The cases against Smith date to summer of 2013, when the former Ludlow man was accused of repeatedly violating an abuse-prevention order. Police said Smith had been text-messaging and calling a Windham County woman with whom he had been ordered to have no contact.
In court documents, Vermont State Police said Smith "texts and calls (the victim) numerous times a day. Too many to document. (The victim) contacts us almost daily about the amount of times Smith has contacted her."
The pattern apparently culminated in Smith taking the victim's car and ending up in Florida, where he has family. He was arrested Aug. 22, 2013, in Florida by the Marion County Sheriff's Department and later was returned to Vermont, where he has been incarcerated since.
Smith eventually pleaded guilty to four violations of an abuse-prevention order and six violations of his conditions of release. He also pleaded guilty to disturbing the peace by phone, and he pleaded no contest to operating a vehicle without the owner's consent.
The prosecutor in the case, Ashley Harriman, was the one who acted in my cases, first when an obsessive, intrusive neighbor was charged with unlawful trespass, later when he broke in at night threatening to shoot. The sentence she originally proposed in my case was 2 or 3 to 5 years. The sentence she proposed in the new case was 36 months to 14 years. In the latter, as far as I can make out, the obsessive behavior took the form of text messages and phone calls; the defendant did not actually break into the house with a weapon threatening violence. As faithful readers may remember, she settled for 14 months in a plea agreement, without going to trial, because my deposition "showed absence of fear." The accused served 9 months of the sentence, and was released with no restrictions.
The point to take away from this, anyway, is the startling lack of enforcement of both the abuse-prevention order and conditions of release. The victim contacted the police almost daily about the frequent violations, and nothing was done. It was emphatically not the case that, upon the first violation, the person under prevention order was taken into custody so that no further violations could occur.
Now, the victim played the game the way Ms. Harriman likes it to be played: she went right on reporting violations to the police even though the offender remained at large. In other words, she took the risk of reprisals again and again - and she was lucky, as these things go. The defendant stacked up multiple offenses, duly reported; he did not attack her; he merely stole her car (which has, apparently, not been recovered).

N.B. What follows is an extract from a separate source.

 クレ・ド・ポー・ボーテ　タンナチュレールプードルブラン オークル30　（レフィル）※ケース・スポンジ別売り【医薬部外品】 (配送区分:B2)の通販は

But I was told, when I found a state trooper willing to issue a citation of trespass, that it would be safer to move out of my home to avoid reprisals, in view of the defendant's long criminal record and history of violence. And I was later told, after the defendant was arraigned and released on bail, with conditions of release, that it was "probably safe to return," but if I had a problem I should call the police. The prosecutor later told me I should report even technical violations, because if there were violations "on a daily basis" this would give leverage to the prosecution - and my victim advocate confirmed that there was no guarantee that a violation would result in the defendant being arrested and taken into custody. So to play the prosecutor's game I would need not only to report incidents but leave myself open to reprisals by staying where I was, rather than retreating to my sublet in the nearest town. The final break-in was provoked because the defendant seemed to me to be pushing boundaries, despite a warning that he must be meticulous in observing conditions of release; I sent him an email with a list of actions which would result in an immediate call to the police, and the result was -- an incident which the prosecutor apparently found insufficiently frightening. The idea that failing to call the police after earlier, minor incidents might itself arise from concern for reprisals could not be entertained -- it would implicate both prosecutor and victim advocate in playing games with the victim's safety.
When I was later warned of the defendant's imminent release from jail I went to talk to the Women's Freedom Center, in part to ask whether a stalking order would help. The question I asked was how consistently these were enforced. Answer: We'd like to think they're enforced. Well, I would have liked to think so too, but if they weren't I might be back in a situation where reporting violations did nothing except annoy my faithful admirer.
The piece in the Reformer suggests that my concern was well-founded.